The BIGGEST hurdle in this game is learning how to "drive" your Lander. The default controls have you use the mouse for 2 of the axis and 'C' and 'V" to move along your 3rd axis. Not good :(. In this mode, one little flinch of your mouse and your Lander starts doing cartwheels all over the place. It looks funny watching it if you're not trying to beat the level, but extremely difficult to steer where you want to. I recommend assign most of the keys to keyboard but even after that expect to take a bit of time getting used to the controls. After that you can really feel good about yourself mastering turns and curves while avoiding gunfire. The AI is a little slow, but the game is definitely NOT easy. I found myself dying mostly from either running out of fuel or bouncing my Lander off the walls in the cavern. Anyway, you complete the early missions by finding lost artifacts and dragging them back with your tractor beam. Like I said, your biggest hurdle is learning to drive your crazy Lander but after that, the game becomes quite fun.

Lander supports 16 players over IPX or TCPIP Internet. I couldn't find a place to test this out multiplayer, so off we go once again to my home network to test this baby out. Multiplayer was kind of boring to be honest as too much emphasis is placed on collecting shields and fuel. If you haven't mastered driving your Lander (by the way, not an easy task), you have to constantly worry about grabbing your fuel and shield power-ups and you just become a sitting duck when you try to properly steer over them. I think they should have at least included an option to take out fuel in the game, as it really becomes an annoyance. Other than that, Lander is okay in multiplayer but I enjoyed single player much more.
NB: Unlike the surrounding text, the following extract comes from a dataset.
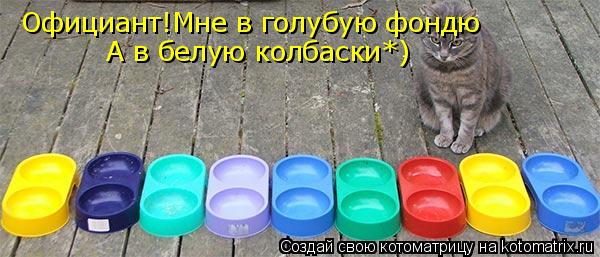 Котоматрица: Официант!Мне в голубую фондю А в белую колбаски*)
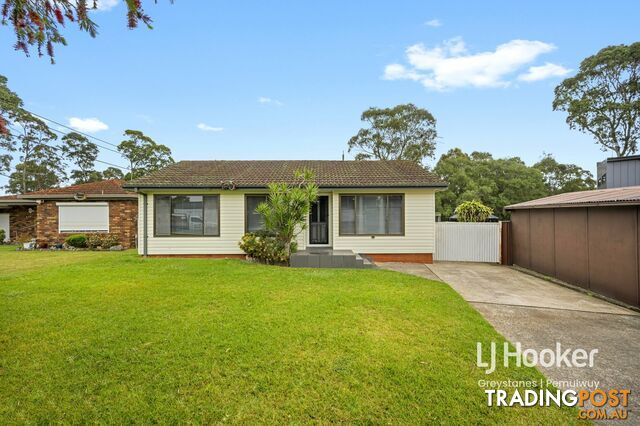 3 Warner Place GREYSTANES NSW 2145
Single player won me over. Once you've got the driving down, the game becomes really fun, especially when you're trying to finish the missions, drooling at the level graphics and upgrading and maintain your ship with your well earned quid. Multiplayer however didn't really interest me; perhaps a future patch will improve some of the quibbles I had, but for now the control is just too difficult for multiplayer. The graphics are really amazing in Lander and the sound support is great for any audiophile. For the most part I had a lot of fun playing Lander, however, many of the missions get quite repetitive. If not for the poor control and somewhat similar missions Lander would be a very cool game.